Exercise requirements: Print the listing below a second time, exactly, and omit its images.

Working data:
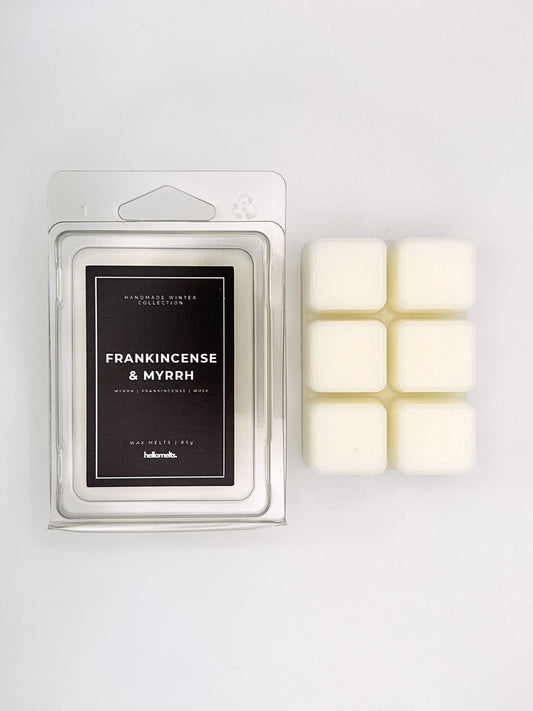 Frankincense & Myrrh 85g wax melt clamshell placed beside six wax cubes from the Hellomelts Winter Collection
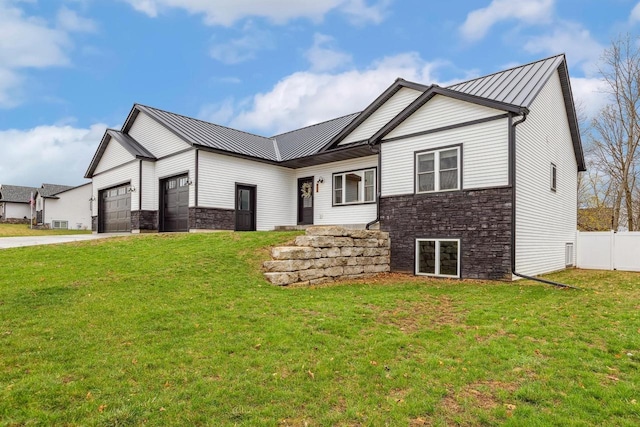 modern farmhouse style home with a standing seam roof, fence, stone siding, and a garage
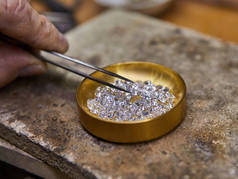 珠宝生产。在钻石背景下由钳子持有的钻石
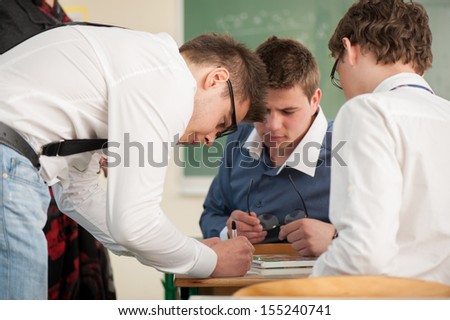 Three young students working together in a classroom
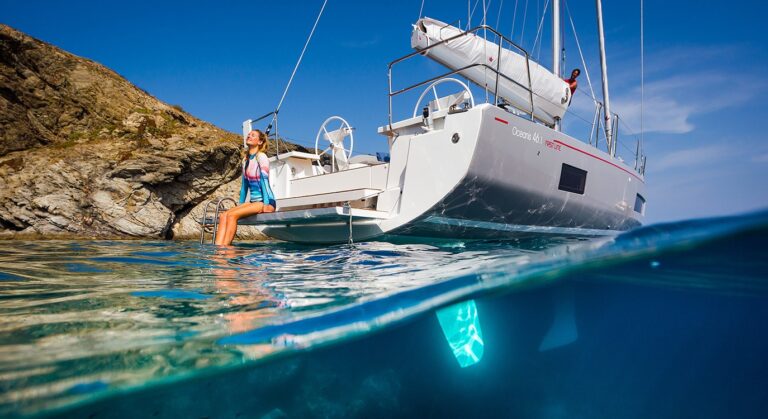 Eine Frau steht auf dem Heck eines Katamarans, der in der Nähe von Felsklippen vor Anker liegt. Im Vordergrund ist klares blaues Wasser zu sehen. Die Hälfte des Bildes zeigt eine Unterwasseransicht.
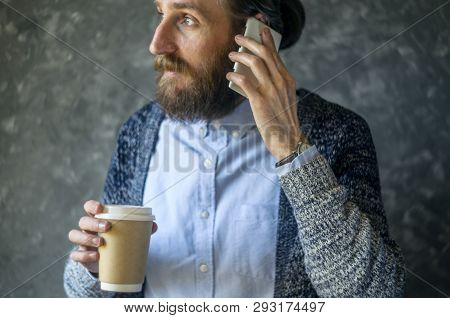 Happy Bearded Man Talk At Phone. Open And Friendly Communication With A Pleasant Interlocutor. Good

Exercise result:
 Frankincense & Myrrh 85g wax melt clamshell placed beside six wax cubes from the Hellomelts Winter Collection
 modern farmhouse style home with a standing seam roof, fence, stone siding, and a garage
 珠宝生产。在钻石背景下由钳子持有的钻石
 Three young students working together in a classroom
 Eine Frau steht auf dem Heck eines Katamarans, der in der Nähe von Felsklippen vor Anker liegt. Im Vordergrund ist klares blaues Wasser zu sehen. Die Hälfte des Bildes zeigt eine Unterwasseransicht.
 Happy Bearded Man Talk At Phone. Open And Friendly Communication With A Pleasant Interlocutor. Good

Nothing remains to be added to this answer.